Machine Learning with QuantGov

QuantGov provides a framework for training machine learning estimators using a corpus, packaging those estimators, and using those models to make predictions about other corpora.

QuantGov builds on the scikit-learn library, and users training new models should familiarize themselves with the models they employ.

Training a QuantGov Estimator

Initializing the Estimator

To start a new quantgov estimator, use the following command quantgov start estimator myname where myname is the name you want to give to the estimator. This will copy the estimator skeleton to the folder with that name.

Customize the Vectorizer and Vectorize Trainers

In order to use mathematical statistical techniques on text documents, those documents need to be converted to set of numbers, or vector. This process is called vectorization, and the Python objects used to create carry this out are called vectorizers.

QuantGov estimators currently expect a joblib-pickled scikit-learn vectorizer, such as a CountVectorizer. Most users will simply want to customize the CountVectorizer defined in the scripts/create_vectorizer.py script in the estimator skeleton.

Advanced users may implement their own vectorizers subclassing the sklearn.base.BaseEstimator and the sklearn.base.TransformerMixin classes; all vectorizers should take an iterable of text objects to their fit and fit_transform methods.

In evaluating models, the vectorization step takes place before segmentation for cross-valdiation; this means that users should take care not to let information correlated with the variable of interest be used here. Instead, include a transformer step in the candidate model pipeline, which is used after the test-train split.

For efficiency, the trainer corpus is expected to be vectorized before model evaluation. This can be accomplished with the command quantgov ml vectorize which takes two positional arguments:

  • vectorizer: the path to the saved vectorizer object
  • corpus: the path to the target corpus

The following argument must also be specified:

  • –outfile or -o: the path to which to save the vectorized Trainers.

Generating the Labels

If you are training a supervised model—that is, a classification model or regression model—you need to generate the training values for the documents in the trainer corpus. An example generating (meaningless) labels is in the skeleton estimator in the script scripts/generate_labels.py. Labels should be stored in a quantgov.ml.Labels object, which takes three arguments:

  • index: a sequence holding the index values for each document being labeled.
  • label_names: a sequence holding one name for each label. NB: even when there is only one label, this parameter should be a sequence, such as ['label'] or ('label',).
  • labels: an array-like of label values with shape [n_samples x n_labels].

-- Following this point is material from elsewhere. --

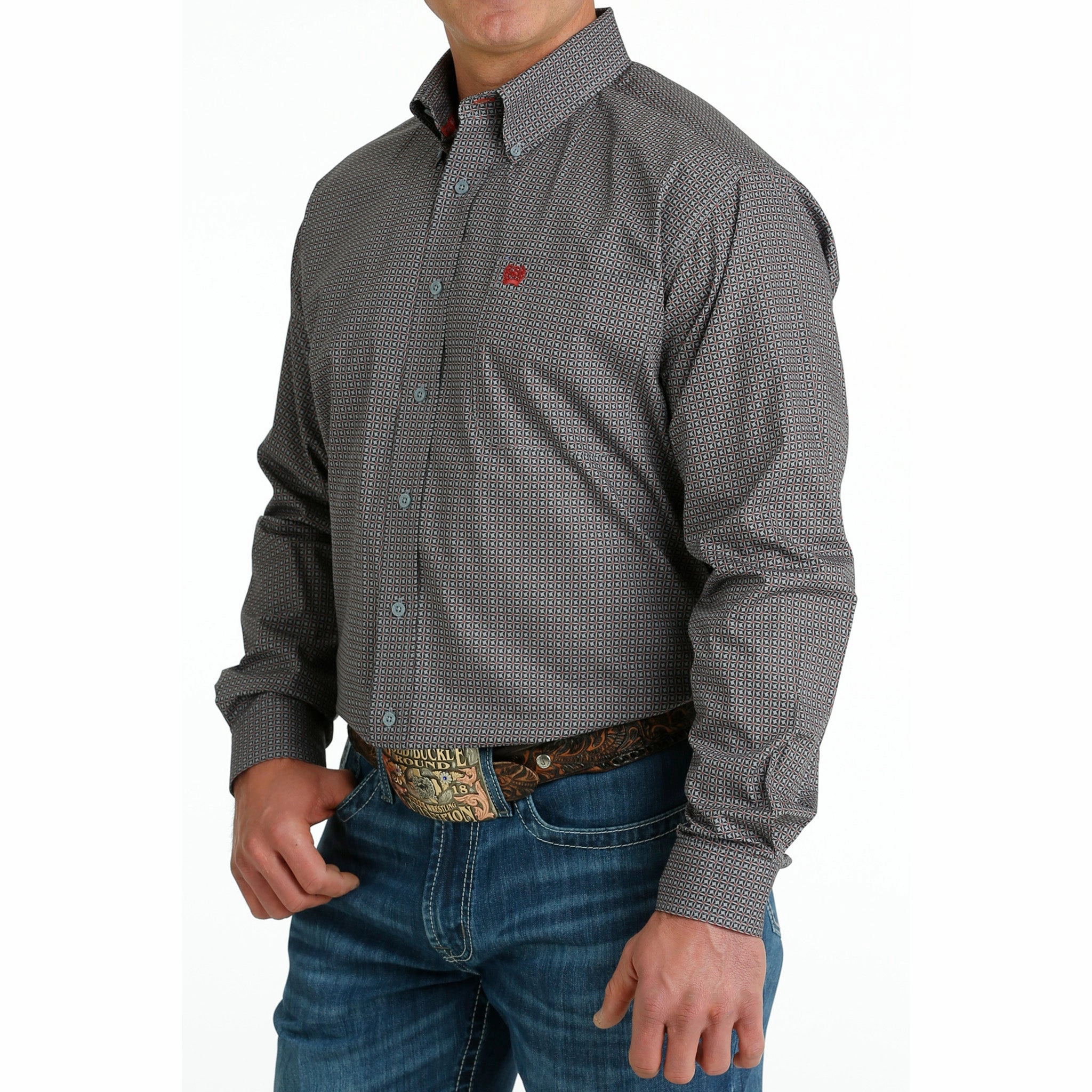 Summer Outfit Cinch Men's Grey Geo Print Shirt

The Labels object has a save method which can be used to save the object to a file.

For classification problems, the nature of the Labels object determines the type of classification model to be trained. If the values are True and False, the problem is assumed to be binary classification. If other values are given, the problem is assumed to be multiclass. If a numpy array or pandas DataFrame of zeroes and ones are given, the problem is assumed to be multilabel classification, where each row is assumed to represent a document and each column is assumed to represent a label.

Specifying candidate models

QuantGov is able to test multiple candidate models, each with a variety of hyperparameters. Candidate Models must be specified in a Python module as a module-level variable named models which is a sequence of quantgov.ml.CandidateModel objects. CandidateModels are initialized with three arguments:

  • name: the user-facing name of the model
  • model: a scikit-learn estimator or pipeline, or a class that implements the scikit-learn interface
  • parameters: a dictionary of hyperparameters to tune, where the keys are the parameter names and the values are a sequence of possible values. See the documentation for grid_param in the scikit-learn documentation in the narrative documentaion and in the api documentaion.

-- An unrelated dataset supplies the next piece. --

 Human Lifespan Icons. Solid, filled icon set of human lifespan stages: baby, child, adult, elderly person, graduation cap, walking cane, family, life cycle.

Starter sets of candidate models can be seen in the quantgov.ml.candidate_sets module. These can be imported directly (as in the estimator skeleton) or copied and customized as needed.

Evaluating Candidate Models

At this point, things get easier. The candidate models can be trained using the quantgov ml evaluate command, which takes the following positional arguments:

  • modeldefs: the path to the module defining the candidate models
  • trainers: the path to the saved Trainers object
  • labels: the path to the saved Labels object
  • output_results: the path to a csv file which will list the results of every model evaluated, with every combination of hyperparameters.
  • output_suggestion: the path to a file which will hold the configuration of the best performing models.

The following arguments are optional:

  • –folds (defaults to 5): the number of folds to use in cross-validation.
  • –score (defaults to 'f1’): the scoring metric for comparing models. See the scikit-learn documentation for a list of valid options.

The evaluation command will automatically select the highest performing score and output its model and parameters to the file specified in the output_suggestion parameter. Users should inspect the full scoring results, however, and select a model that balances simplicity and performance. One common choice, for example, is to employ the simplest set of values which performs within one standard deviation of the best model. The desired configuration can be set by editing the suggestion file, which follows the ConfigParser format.

Training the selected model.

Once a model has been selected and the configuration file edited, the final model can be trained on the full trainer set with the quantgov ml train command, which takes the following positional arguments:

  • modeldefs: the path to the module defining the candidate models
  • configfile: the path to the configuration file defining the model
  • trainers: the path to the saved Trainers object
  • labels: the path to the saved Labels object

The following argument must also be specified:

  • –outfile or -o: the path to which to save the estimator. By convention, QuantGov estimators have the extension .qge.

The resulting Estimator is a self-contained file that can be distributed; however, users may need to ensure that they are using compatible versions of the underlying libraries, such as scikit-learn and pandas; these should be documented by the author of the estimator.

Using a QuantGov Estimator to Make Predictions

With a trained QuantGov estimator, predictions about a new corpus can be made with the quantgov ml estimate command, which takes the following positional arguments:

  • estimator: the path to the estimator file
  • corpus: the path to the corpus to be analyzed

The following optional arguments are also available:

  • –probability: for a classification problem, produce probability estimates instead of class predictions
  • –precision (defaults to 4): when probabilities are produced, the desired number of decimal points of precision
  • –outfile or -o (defaults to standard out): the path to a file where results should be saved.